Stored dataset items:
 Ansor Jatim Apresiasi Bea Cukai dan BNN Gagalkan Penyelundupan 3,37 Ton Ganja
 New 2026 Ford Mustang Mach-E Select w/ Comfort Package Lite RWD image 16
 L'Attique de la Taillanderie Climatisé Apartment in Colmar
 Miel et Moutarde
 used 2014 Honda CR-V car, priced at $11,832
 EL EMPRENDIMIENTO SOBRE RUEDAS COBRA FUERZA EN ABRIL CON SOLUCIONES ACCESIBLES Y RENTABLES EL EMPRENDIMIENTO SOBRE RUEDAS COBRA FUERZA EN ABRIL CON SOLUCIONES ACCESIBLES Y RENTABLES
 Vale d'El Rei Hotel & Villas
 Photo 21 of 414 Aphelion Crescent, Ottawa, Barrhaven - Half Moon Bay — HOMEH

--

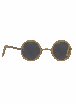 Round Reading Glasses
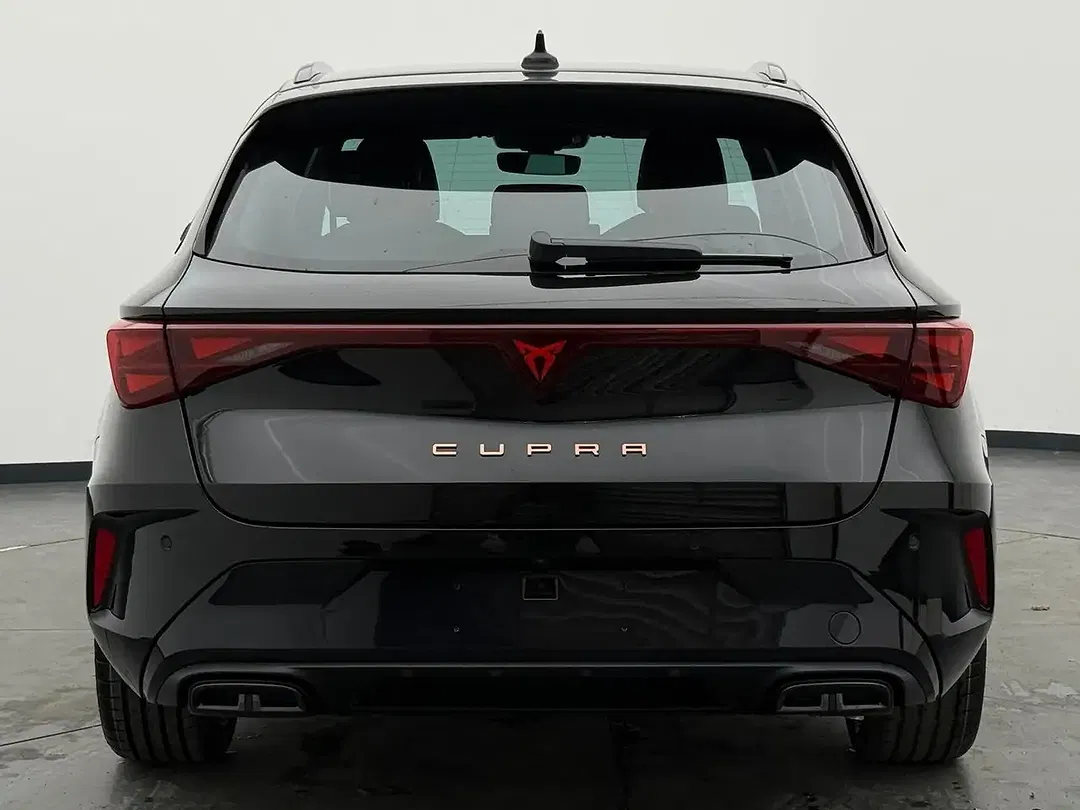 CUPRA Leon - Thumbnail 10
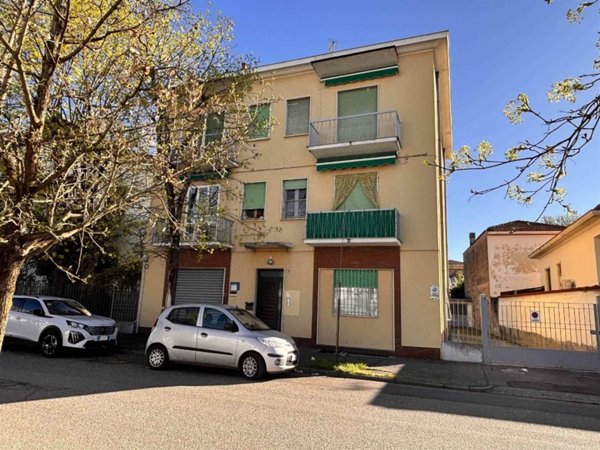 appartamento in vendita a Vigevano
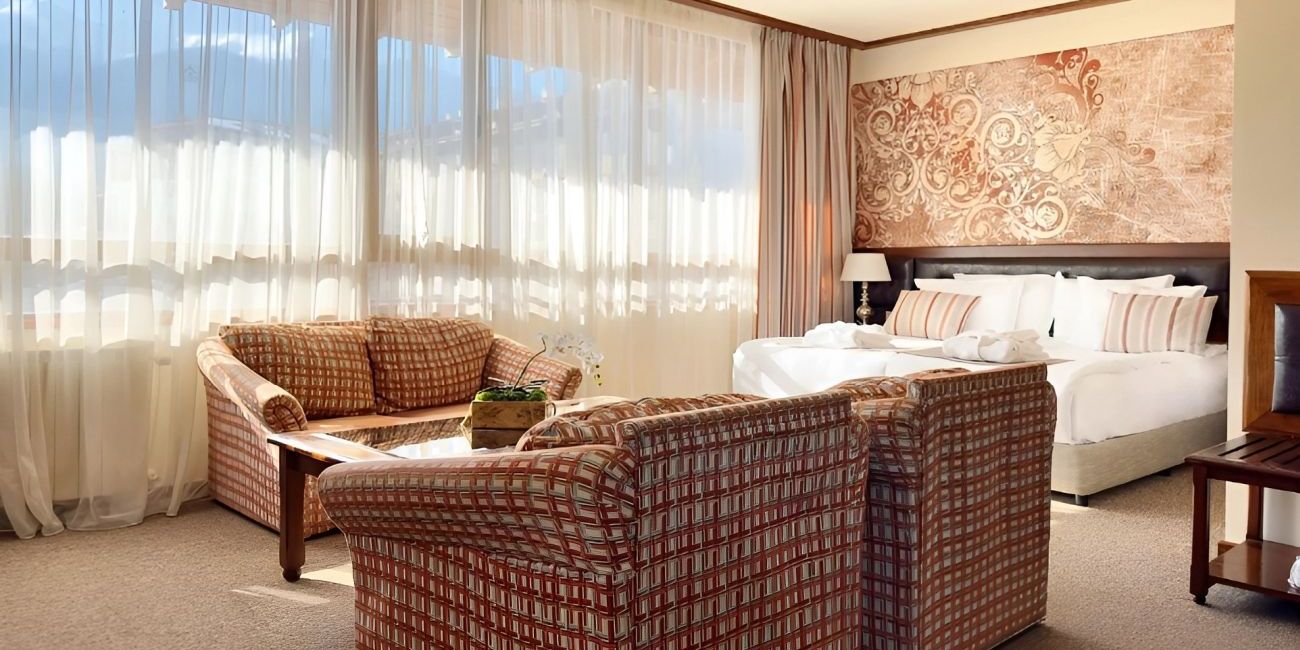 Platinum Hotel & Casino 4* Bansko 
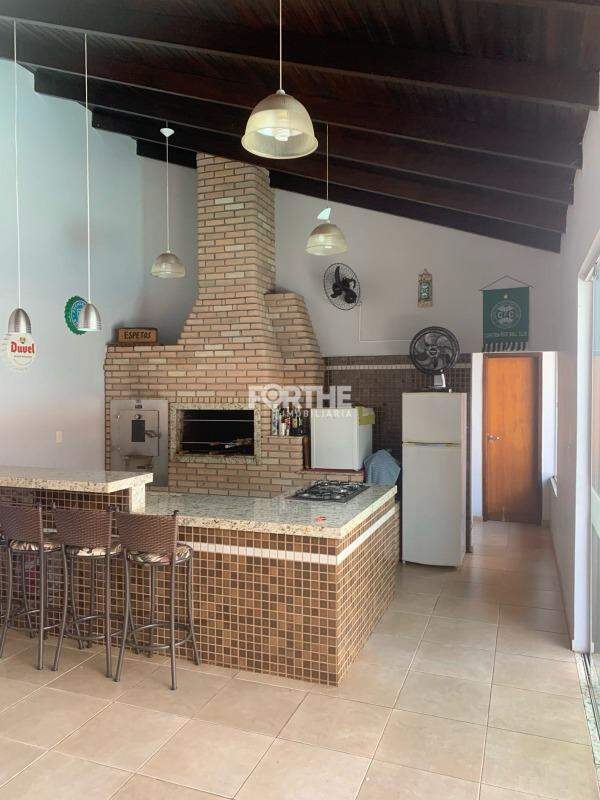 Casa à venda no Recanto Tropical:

### WHAT YOU HAVE TO DO
Write out exactly the run of lines above that starts at the line containing "CUPRA Leon - Thumbnail 10" and ends at the line containing "Casa à venda". Include both, and leave the pictures out.

### COMPLETED TASK
 CUPRA Leon - Thumbnail 10
 appartamento in vendita a Vigevano
 Platinum Hotel & Casino 4* Bansko 
 Casa à venda no Recanto Tropical:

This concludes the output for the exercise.